*Task to complete:*
Each word in the data below should be copied exactly; the images should not.

*Data extract:*

Segment Open

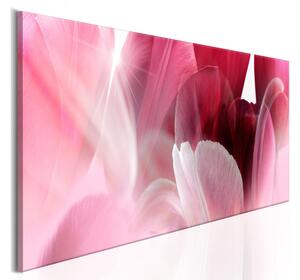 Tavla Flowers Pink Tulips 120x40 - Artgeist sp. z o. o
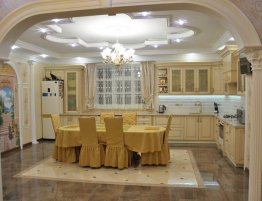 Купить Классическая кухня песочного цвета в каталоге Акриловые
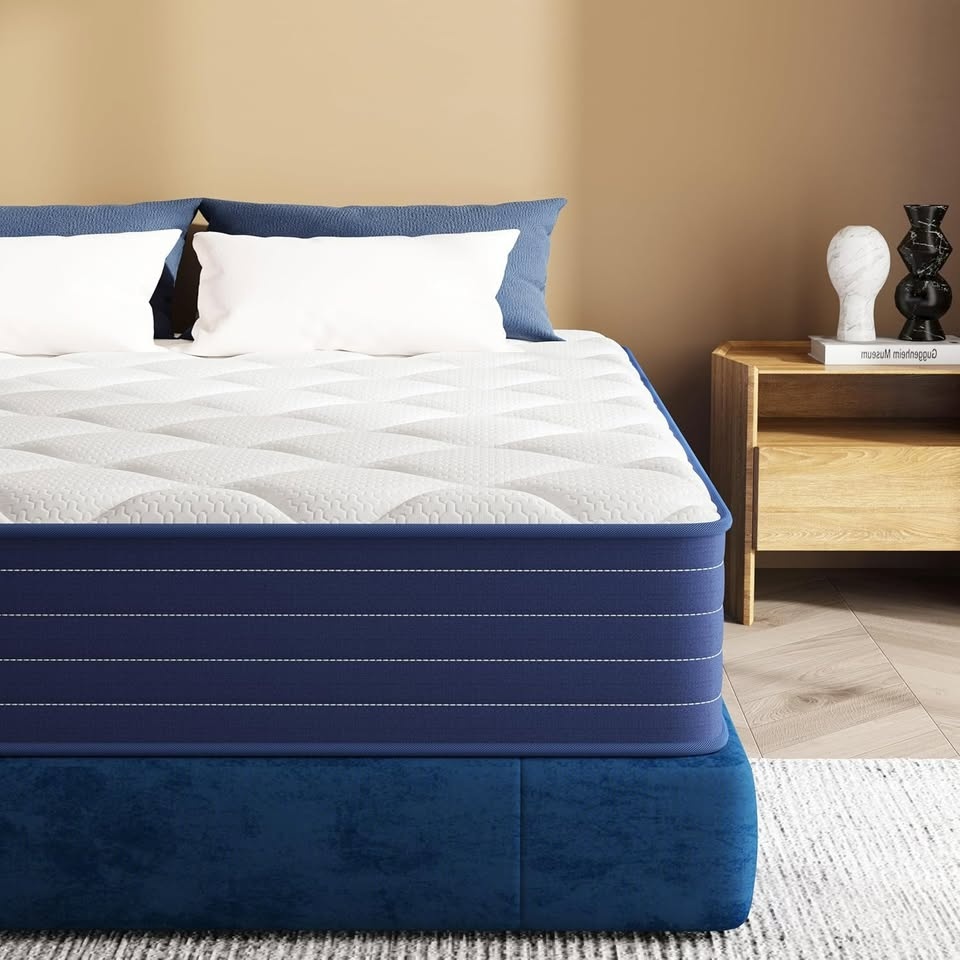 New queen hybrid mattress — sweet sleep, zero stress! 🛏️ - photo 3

Segment Closed

*Answer section:*
 Tavla Flowers Pink Tulips 120x40 - Artgeist sp. z o. o
 Купить Классическая кухня песочного цвета в каталоге Акриловые
 New queen hybrid mattress — sweet sleep, zero stress! 🛏️ - photo 3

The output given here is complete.